I expect dual_ec to live with us for quite a bit longer, despite the fact that the NIST stopped recommending it. It's just a matter of applying the right leverage to US companies.

"Meets all NIST SP800-90 standards"

"Meets all NIST SP800-90A standards"

Can you spot which product has the back door?


Yes: the ones that use Dual EC. It's not that hard to spot.

If nobody is going to take the time to pull apart the firmware, it really doesn't matter what the vendor says. They can say one thing and do another. That's what happened here.


What strikes me is how the 2008 and 2012 back-doors were so much more advanced than the back-door introduced in 2014.

I think that they were placed by different actors(assuming 2008 and 2012 are from the same), when the more blatant ssh back-door was found Juniper instigated a internal code review and found the more tricky DualEC weakness.

If the inclusion of DualEC itself is not enough to convince you that the code changes in 2008 are in fact back-doors then you should consider the fact that the X9.31-AES that they fed the DualEC output into was modified in such a way that it did not actually perform any cryptographic operations at all.

x9.31-AES is now considered to be almost depreciated, with the original variant (x9.32-DES2) being officially depreciated since last year. However the fact remains that an adversary implemented and tweaked 2 different cryptographic circuits in the code. Which, imo, is no mean feat.
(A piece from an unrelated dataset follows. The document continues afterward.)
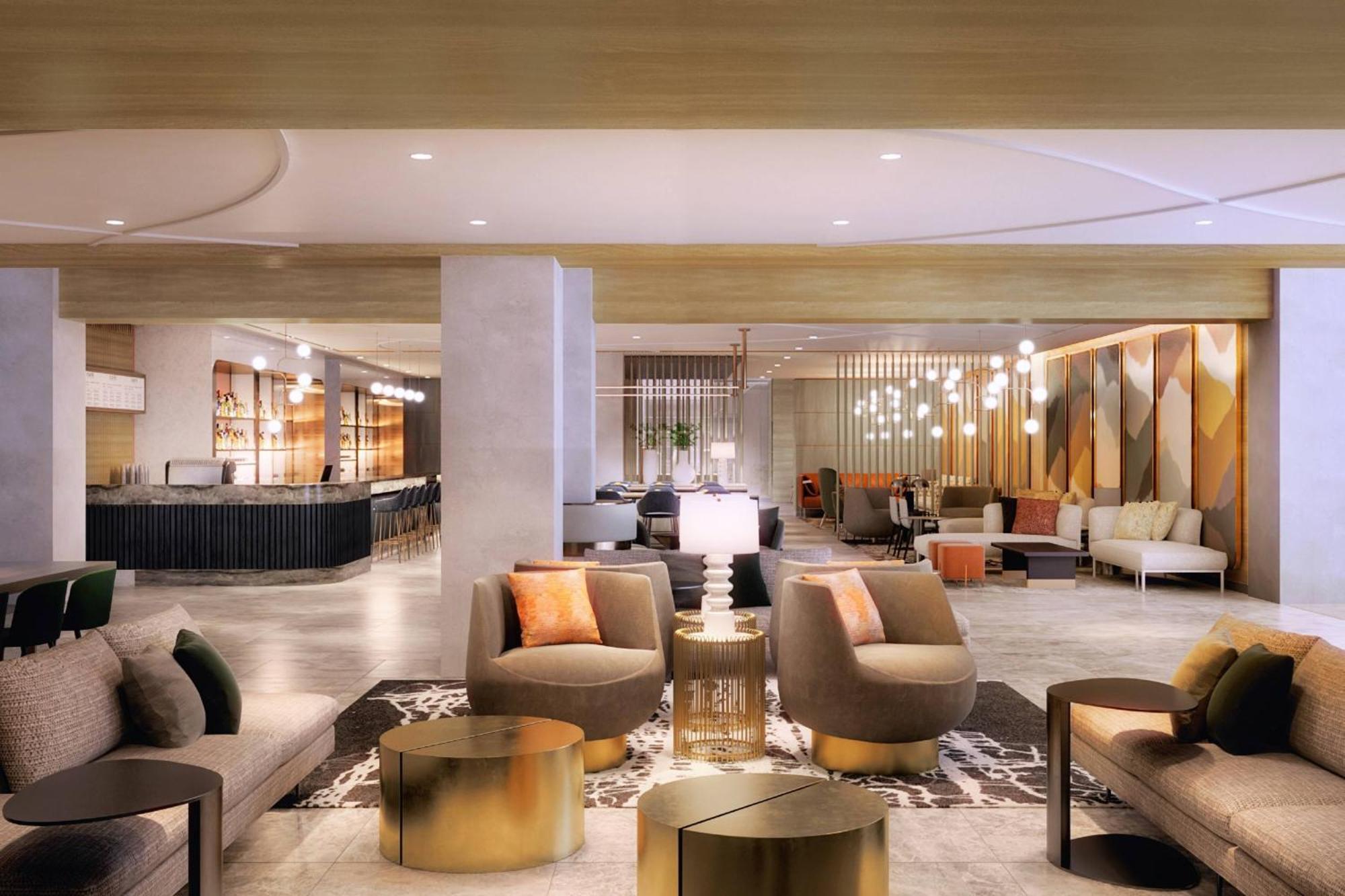 Montreal Marriott Chateau Champlain Exterior photo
In comparison, a simple strmp() smack in the middle of the authentication code is a simple trick. But, obviously, in the absolute sense still nothing to sniff at.


Lol. This news always comes at end of business friday. NSA, CIA, RSA, Juniper ... if they thought this was in any way good news they were releasing, they would announce it on monday not friday.


It was announced earlier in the week, at RWC. This is just their response. If you haven't heard about it until now, that's not actually on Juniper.


Was it in a major source like Reuters before Friday?


They used Dual Elliptic Curve, which is what they are removing.


"Still another curve constant, quietly provided by the NSA and required for some federal certification"

Wait... what? Is this suggesting Juniper blindly used a constant supplied by the government without any justification?


Musing about how it's not x APT because the code/attack is not "advanced enough" or "cheap" ignores plausible deniability.


Just what kind of shop is Juniper running here?

They add the original backdoor. Someone backdoors the original backdoor. Yet another actor unaware of the backdoored backdoor adds the strcmp authentication backdoor. Juniper removes that backdoor and unbackdoors the original backdoor. Now, they remove it altogether.

It's been months and they have not come up with a theory on how any of this happened.


So do NSA-approved ciphers such as AES get dropped too? Does anyone have a link to the actual statement by Juniper, not just reporting on it?


They're removing the Dual_EC backdoored PRNG.

Press release: http://forums.juniper.net/t5/Security-Incident-Response/Adva...


Thanks, I see the misunderstanding now.


No problem!


//Still another curve constant, quietly provided by the NSA and required for some federal certification, was exposed in documents leaked by former NSA contractor Edward Snowden as a key to the back door//

for many times,this Snowden guy have made NSA lose some hard work;)


At least the one we know about.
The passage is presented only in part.